Grace dropped from the belly of the I-Cloud is a far cry from the feel of silver wetness on the lips.
For Catholics accustomed to the flowing currents of a Sunday Mass—the standing, the kneeling, the crawling babies, the elderly with walkers, the sloshing rhythm of the singing, the glint of light on a chalice—watching a live-stream Mass is akin to a fourteen-year-old viewing a video of classmates swinging from ropes into a creek flowing with tadpoles, turtles and crawdads.
It’s just not the same. Yet, we are compelled to search for grace in every place.

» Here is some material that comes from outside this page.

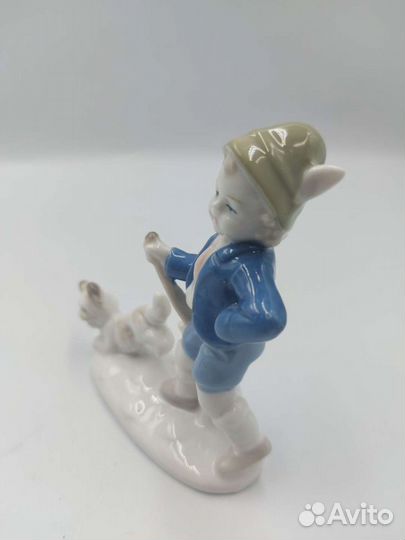 Статуэтка фарфор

This weekend, I will assist my pastor at a private Mass for the Third Scrutiny. I will unlock the door of the church and place sanitizer on a table nearby. Everyone present—five, total—will maintain a safe distance apart
I will look for grace in that distance.
During the Liturgy of the Word, our priest will invoke God’s blessing on the catechumens, asking that the power of the sacraments “will conform them to Christ…and enable them to triumph over the bitter fate of death.”
Across the distance of an all-but-empty church, I will glace at faces hungry for God, hungry for the touch of God. In their eyes, I will note defiance, a stubborn arrogance similar to the knowing glance of POW’s who gathered around a Bible on a crate in the sight of guards with coyote eyes; a Bible opened today to the verse that reads: “Lazarus, come out!”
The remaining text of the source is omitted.